WORK TO BE COMPLETED: The line containing "CLEO Shower Filter" marks where to begin; quote it and every line after it through the end of the data, exactly as written.

── GIVEN INFORMATION ──

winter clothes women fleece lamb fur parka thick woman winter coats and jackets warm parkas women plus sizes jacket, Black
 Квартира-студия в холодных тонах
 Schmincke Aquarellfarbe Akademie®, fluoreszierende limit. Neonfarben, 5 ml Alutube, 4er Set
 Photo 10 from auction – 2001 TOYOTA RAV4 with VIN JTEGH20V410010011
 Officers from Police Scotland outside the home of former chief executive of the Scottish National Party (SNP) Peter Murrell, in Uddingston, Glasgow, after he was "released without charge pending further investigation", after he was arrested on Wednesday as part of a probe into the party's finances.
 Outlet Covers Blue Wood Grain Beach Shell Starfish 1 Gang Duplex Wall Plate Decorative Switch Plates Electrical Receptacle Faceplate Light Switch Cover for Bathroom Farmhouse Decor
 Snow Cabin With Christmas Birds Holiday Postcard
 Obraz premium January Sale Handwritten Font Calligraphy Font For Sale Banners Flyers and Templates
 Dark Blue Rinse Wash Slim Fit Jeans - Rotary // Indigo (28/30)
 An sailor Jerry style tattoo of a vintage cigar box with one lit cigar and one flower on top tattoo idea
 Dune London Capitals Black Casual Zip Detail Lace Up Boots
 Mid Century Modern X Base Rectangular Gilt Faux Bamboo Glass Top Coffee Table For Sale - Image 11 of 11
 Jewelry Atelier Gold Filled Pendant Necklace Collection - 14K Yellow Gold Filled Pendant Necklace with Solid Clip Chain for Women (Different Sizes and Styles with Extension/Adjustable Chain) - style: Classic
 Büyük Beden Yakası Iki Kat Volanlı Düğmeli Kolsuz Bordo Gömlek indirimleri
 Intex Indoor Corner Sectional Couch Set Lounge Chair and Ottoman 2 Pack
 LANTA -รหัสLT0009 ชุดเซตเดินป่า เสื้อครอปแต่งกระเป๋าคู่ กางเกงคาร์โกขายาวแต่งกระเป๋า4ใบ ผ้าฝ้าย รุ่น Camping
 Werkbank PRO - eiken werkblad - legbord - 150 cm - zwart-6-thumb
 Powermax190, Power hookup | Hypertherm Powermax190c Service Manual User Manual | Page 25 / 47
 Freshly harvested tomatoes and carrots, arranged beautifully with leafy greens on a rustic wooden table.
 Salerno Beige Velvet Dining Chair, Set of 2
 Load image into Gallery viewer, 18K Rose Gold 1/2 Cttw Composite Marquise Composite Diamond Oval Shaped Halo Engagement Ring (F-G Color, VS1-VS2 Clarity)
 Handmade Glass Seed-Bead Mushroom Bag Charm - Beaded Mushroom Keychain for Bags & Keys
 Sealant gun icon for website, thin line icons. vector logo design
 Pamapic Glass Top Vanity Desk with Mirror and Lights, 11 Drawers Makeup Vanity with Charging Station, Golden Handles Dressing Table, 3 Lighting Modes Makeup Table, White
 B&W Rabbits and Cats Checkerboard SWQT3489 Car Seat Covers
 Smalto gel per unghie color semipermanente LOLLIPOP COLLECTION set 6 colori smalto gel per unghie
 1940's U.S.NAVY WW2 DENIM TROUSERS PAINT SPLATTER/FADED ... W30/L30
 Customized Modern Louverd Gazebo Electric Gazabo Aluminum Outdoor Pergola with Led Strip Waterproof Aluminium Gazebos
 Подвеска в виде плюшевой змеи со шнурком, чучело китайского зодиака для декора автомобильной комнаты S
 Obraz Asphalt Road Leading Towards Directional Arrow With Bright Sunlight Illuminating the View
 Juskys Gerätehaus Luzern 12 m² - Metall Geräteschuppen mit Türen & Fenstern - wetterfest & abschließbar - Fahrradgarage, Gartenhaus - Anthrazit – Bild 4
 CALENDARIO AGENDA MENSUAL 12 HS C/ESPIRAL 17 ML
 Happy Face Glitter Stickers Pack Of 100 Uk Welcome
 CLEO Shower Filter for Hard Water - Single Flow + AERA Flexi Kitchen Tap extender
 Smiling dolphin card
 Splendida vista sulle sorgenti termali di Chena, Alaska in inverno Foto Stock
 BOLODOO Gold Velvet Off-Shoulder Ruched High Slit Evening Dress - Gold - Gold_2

───

OUTPUT OF THE TASK:
 CLEO Shower Filter for Hard Water - Single Flow + AERA Flexi Kitchen Tap extender
 Smiling dolphin card
 Splendida vista sulle sorgenti termali di Chena, Alaska in inverno Foto Stock
 BOLODOO Gold Velvet Off-Shoulder Ruched High Slit Evening Dress - Gold - Gold_2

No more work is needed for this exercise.